# WHAT YOU SHOULD DO
Your answer should hold exactly the lines below from the line with "A rustic outdoor" through the line with "family having a", both included, and no pictures at all.

# RECORDS SUPPLIED

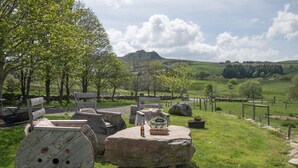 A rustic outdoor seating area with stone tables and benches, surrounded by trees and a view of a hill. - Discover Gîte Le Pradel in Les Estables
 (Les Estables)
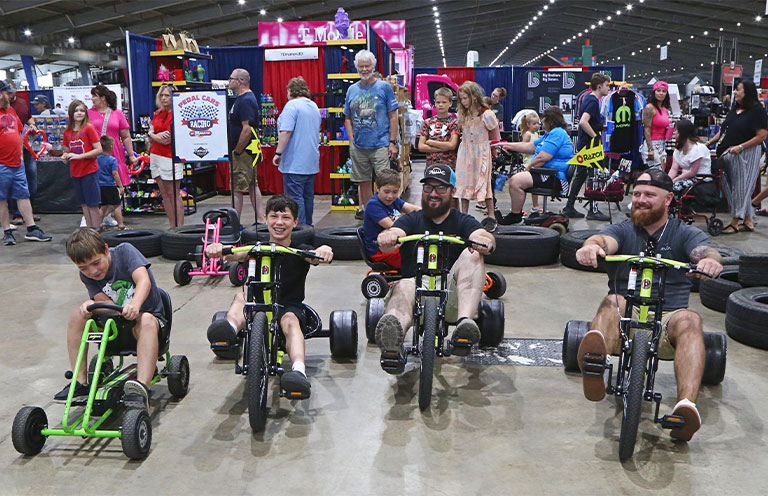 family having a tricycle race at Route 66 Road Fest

---

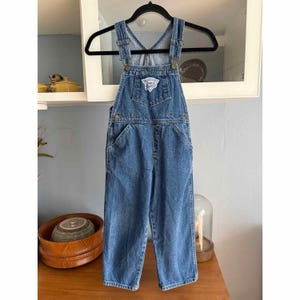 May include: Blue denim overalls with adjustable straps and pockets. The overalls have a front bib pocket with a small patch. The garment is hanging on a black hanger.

# ANSWER BELOW
 A rustic outdoor seating area with stone tables and benches, surrounded by trees and a view of a hill. - Discover Gîte Le Pradel in Les Estables
 (Les Estables)
 family having a tricycle race at Route 66 Road Fest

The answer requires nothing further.